Das Wichtigste auf einen Blick
- Mehr Abschreibungspotenzial: Durch den Verkauf erwerben die Kinder neue Anschaffungskosten – mit entsprechend höherer AfA.
- Freibeträge gezielt nutzen: Der spätere Verzicht auf das Darlehen kann schrittweise erfolgen und persönliche Freibeträge optimal ausschöpfen.
- Flexible Gestaltung: Verkauf und spätere Schenkung lassen sich zeitlich und betragsmäßig steuern.
Praxistipp
Statt einer direkten Schenkung kann ein Verkauf an die Kinder steuerlich deutlich vorteilhafter sein. Die Kombination aus Kaufvertrag und späterem Forderungsverzicht eröffnet zusätzliche Gestaltungsspielräume.
Ausgangslage: Die Immobilie soll an die Kinder gehen
Sollen Immobilien im Wege der vorweggenommenen Erbfolge auf Kinder übertragen werden, wird häufig an eine unentgeltliche Schenkung gedacht. Diese ist zwar einfach, führt steuerlich aber dazu, dass die Kinder die Immobilie mit den bisherigen (oft niedrigen) Anschaffungs- oder Herstellkosten fortführen. Das Abschreibungspotenzial bleibt damit begrenzt.

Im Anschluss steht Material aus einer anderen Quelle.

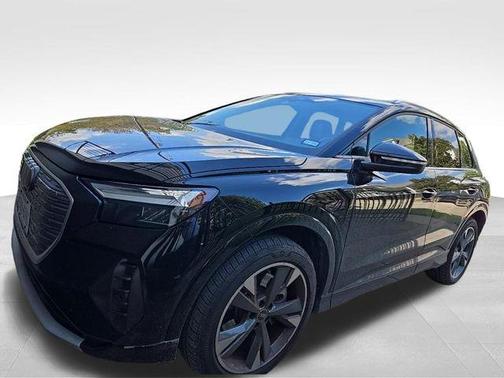 2022 Audi e-tron Premium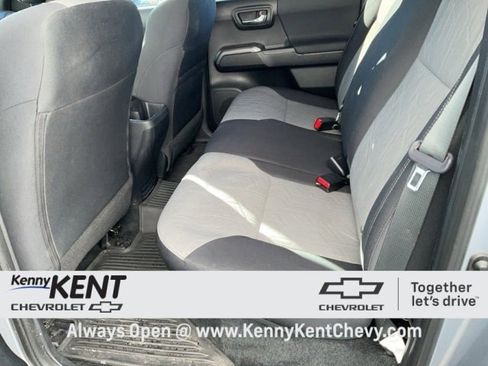 Used 2021 Toyota Tacoma TRD Off-Road w/ Technology Package image 19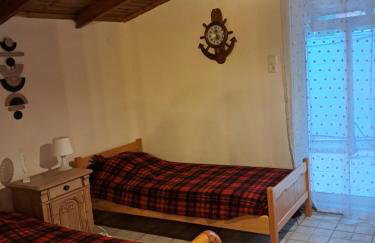 Ξυλινο σπίτι δίπλα στην θάλασσα - Foto 5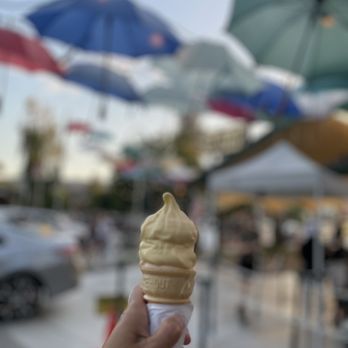 Meadowlark Dairy - $3 small. Mango & Pineapple guava - Ice Cream & Frozen Yogurt Near Me - Pleasanton, California Meadowlark Dairy - $3 small. Mango & Pineapple guava - Ice Cream & Frozen Yogurt Near Me - Pleasanton, California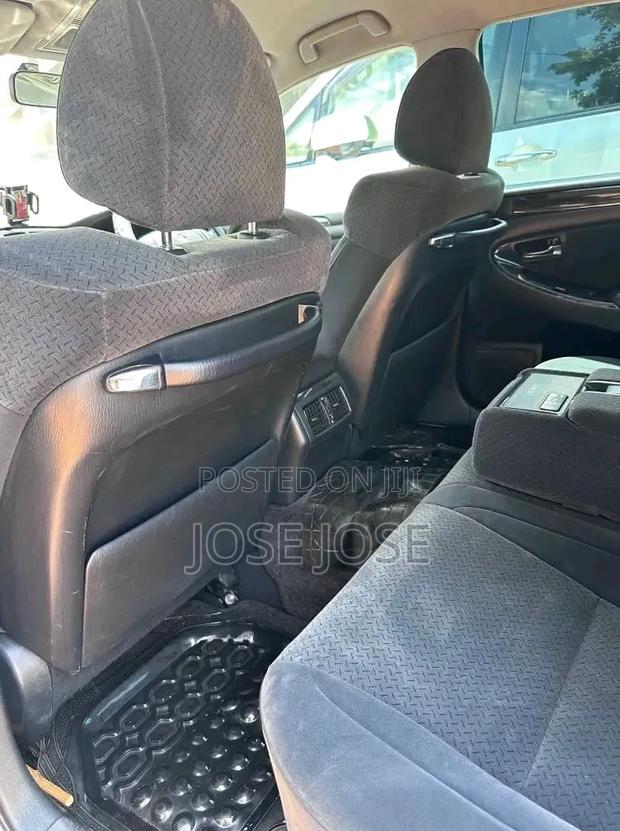 Toyota Crown 2008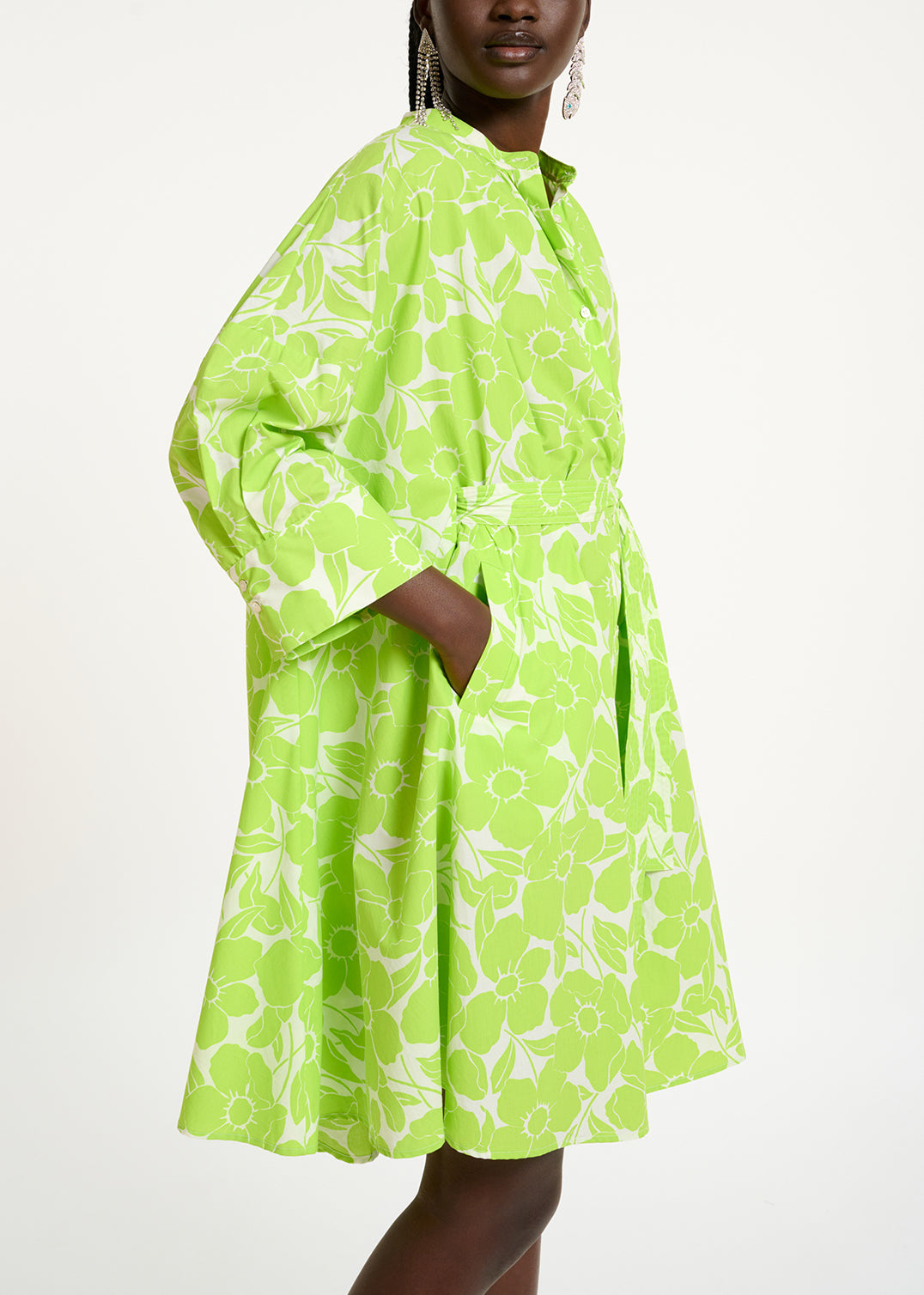 White and lime green floral print cotton knee-length shirt dress RE—SSENTIEL | Essentiel second hand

Alternative: Verkauf an die Kinder
Wird die Immobilie stattdessen entgeltlich an die Kinder verkauft, erwerben diese die Immobilie mit neuen Anschaffungskosten. Diese bilden die Grundlage für die Abschreibung und können – insbesondere bei älteren Immobilien – deutlich höher sein als die bisherigen Buchwerte.
Der Kaufpreis wird dabei regelmäßig nicht sofort gezahlt, sondern über ein Verkäuferdarlehen finanziert. Die Kinder werden zivilrechtlich Eigentümer, wirtschaftlich bleibt die Belastung zunächst beherrschbar.
Schrittweise Schenkung durch Darlehensverzicht
In einem zweiten Schritt kann der Verkäufer – also die Eltern – ganz oder teilweise auf das Darlehen verzichten. Jeder Forderungsverzicht stellt schenkungsteuerlich eine eigene Schenkung dar.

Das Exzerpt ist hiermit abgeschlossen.